There are a lot of awards given out at the Grammys (from Best Regional Roots Music Album to Best Classical Compendium, and there used to be a lot more), but there isn’t one for specific sounds. Think the tinkling 808 in Afrika Bambaataa’s “Planet Rock,” G.C. Coleman’s Amen break, or a judiciously whacked cowbell. They’re touchstones, musical cues, genre-definers. One sound that would be eligible for a lifetime achievement award—a sound that has its origins not in music but as a warning—is the blast of a portable air horn. You might have heard one recently in Major Lazer’s “Too Original” or Drake’s “Controlla.” How did something intended to do little more than make a very loud noise become so integral to hip-hop, reggae, and pop music?

Air horns, which were originally (and are still) used on ships and locomotives, push compressed air or steam past a reed or diaphragm to make a very loud noise. The car dramatically altered the air horn’s size and ubiquity and paved the way for portable air horns. The portable version, a horn attached to a can of compressed air, has been used for self-defense, emergency alerts, lifeguarding, and sporting events. Its widespread use in music is a recent development, and to find its origin, one has to go to the Caribbean.

A sound system at the Notting Hill Carnival in London, 2006.
A sound system at the Notting Hill Carnival in London, 2006. PYMCA/UIG/ Getty Images

Music journalist Jeff Weiss went looking for the origins of the air horn in music in Jamaica’s dancehall scene. Dancehall stands out among musical genres for its audience and performative aspects. It was created in the 1970s by and for Jamaica’s marginalized lower class (known as “downtown people”), who coalesced in outdoor venues to dance and escape their worries. Its distinctive mixture of West African beats, traditional mento folk music, funk, and blues, is presented by a selector, who chooses prerecorded tracks, a DJ, who emcees, and a sound engineer—together known as a sound system. In dancehall, sound systems and their selectors compete for the attention and love of the audience through call-and-response, a form of communication not unusual across the Atlantic in West Africa.

Competing selectors use “all manner of interaction with the crowd from giving speeches to the origin of rapping,” says Norman Stolzoff, anthropologist and author of Wake the Town and Tell the People, a study of dancehall culture. The ultimate goal of the selector is to play a song so good that the crowd will physically, ecstatically move from behind the sound system to in front of it. The selector then rewinds the song to tap into this momentum. The whole process is called a “forward.” Competitive dancehall is like a land war, forwards are the spoils, and attention is the weapon.

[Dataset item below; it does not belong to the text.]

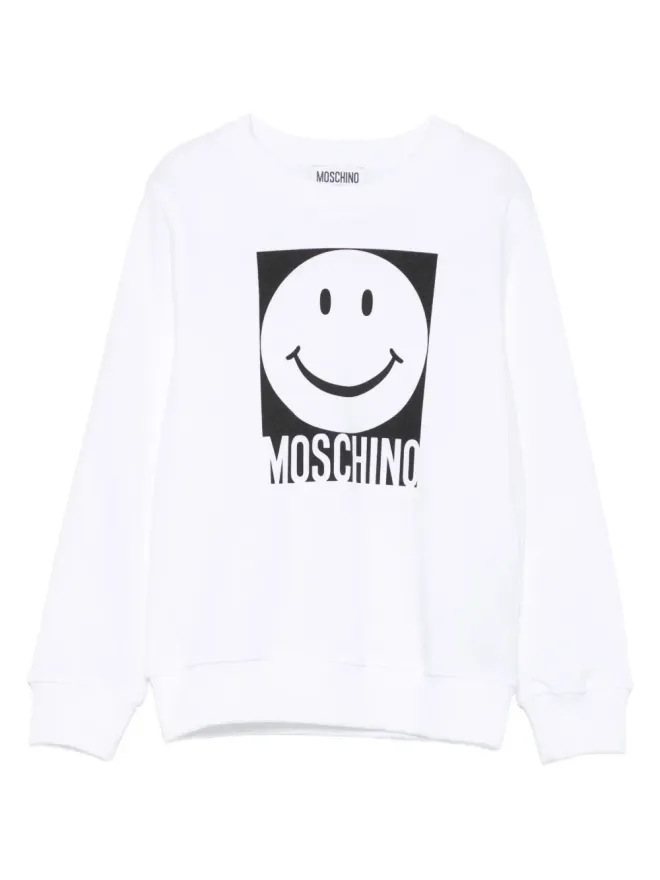 Moschino Kids Moschino Kids スマイリーフェイスモチーフ スウェットシャツの商品画像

People dancing as the selector of Channel One Sound System plays tracks.
People dancing as the selector of Channel One Sound System plays tracks. Wyatt Dixon / CC BY-SA 2.0

Jamaica was a British colony for over 300 years, until 1962. Even today, military pomp is on display when influential figures, such as members of the British royal family, visit. A 21- or 62-gun salute may be used to mark the occasion. “On the Queen’s birthday, she gets a gun salute,” says Julian Henriques, of University of London at Goldsmiths, who researches sound system culture. “It’s a traditional military noise that has impact and shock value.”

Loud cannon booms, Henriques states, can mean danger or celebration—they’re disruptions of sound space that draw attention, in the lineage from the sirens of Greek myth to the wail of a modern police siren.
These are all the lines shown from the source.